Holy run on sentence, Batman. (See the writing for Andie: a deeply sympathetic character whose torture and rape we witness repeatedly onscreen who is given no conclusion. This is
bad writing - as though an episode on a cop show featured a case where a woman had been kidnapped, raped and tortured and we saw this onscreen, but at the end of the episode the cops turned around and walked away with no conclusion whatsoever. It's
bad writing. It's deeply unsatisfactory, and the fact that many audience members accept the show's prioritization of her rapist and torturer over his innocent victim says a handful of deeply disturbing things.)

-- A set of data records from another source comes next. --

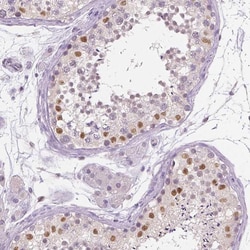 Invitrogen SOX9 Polyclonal Antibody 100 &mu;L; Unconjugated:Antibodies,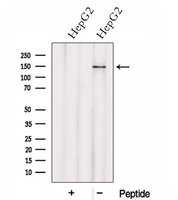 HTATSF1 / TAT-SF1 Antibody - Western blot analysis of extracts of HepG2 cells using HTATSF1 antibody. The lane on the left was treated with blocking peptide.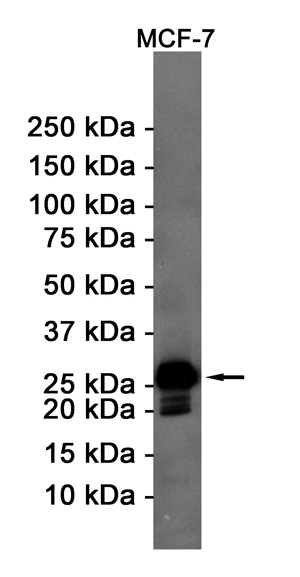 Rabbit Monoclonal Antibody to Bcl2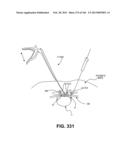 ACCESS AND TISSUE MODIFICATION SYSTEMS AND METHODS diagram and image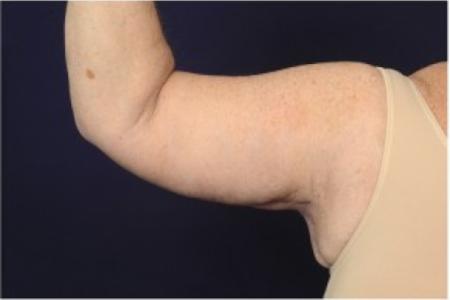 After image 1 Case #87501 - Brachioplasty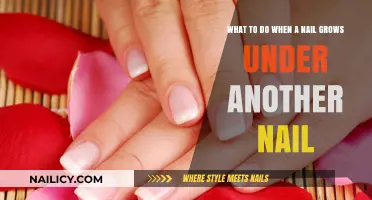 Fixing Ingrown Nails: What You Should Do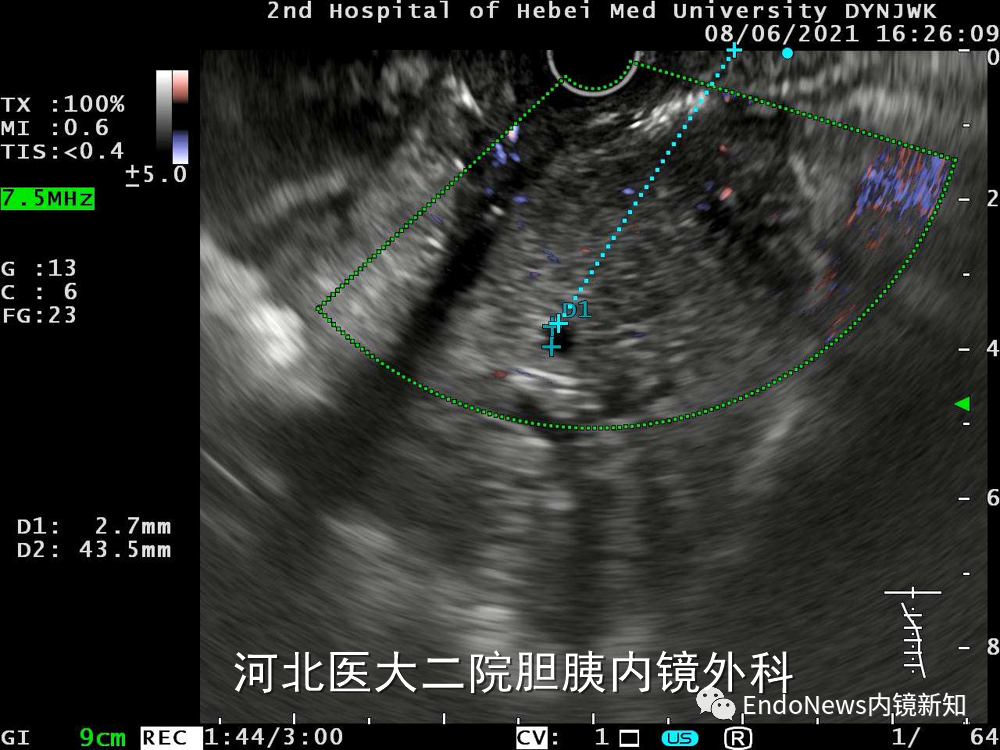 取石网篮 为什么贵EUS-BD操作中的细节：导丝如何超选？_https://www.jmylbn.com_新闻资讯_第7张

My displeasure expressed, I do like the rapport established here; they're clearly on very familiar terms now, talking in quiet confessions like friends, their body language comfortable and barriers down. There's a lot of trust here and I also enjoy their easy physicality; the gentle way he catches her waist, his whole body orienting towards her as he reassures her as well as he can, is pure shipper bait. The person I got this video from at first thought he seized her wrist; he doesn't, and I am glad of it. There's some peremptory and - presumptuous? I'm not sure how to describe it, but I don't like the physical dynamics involved in seizing a girl by her wrist to stop her. I'd say that this conversation, his reflexively intimate choice of his hands on her hips - which doesn't trouble her - and his quiet intensity in trying to ease her emotions speaks a lot for not only how highly he thinks of her, but his respect for her, which is something I've never seen evidence of in Matt Donovan in any of his interactions with women. (Other than, arguably, Vicki.)
( cut for embedded video of multiple deleted scenes and brief commentary )Also, every time Stefan talks about being a teenager I cry a single crystalline tear at the casting department.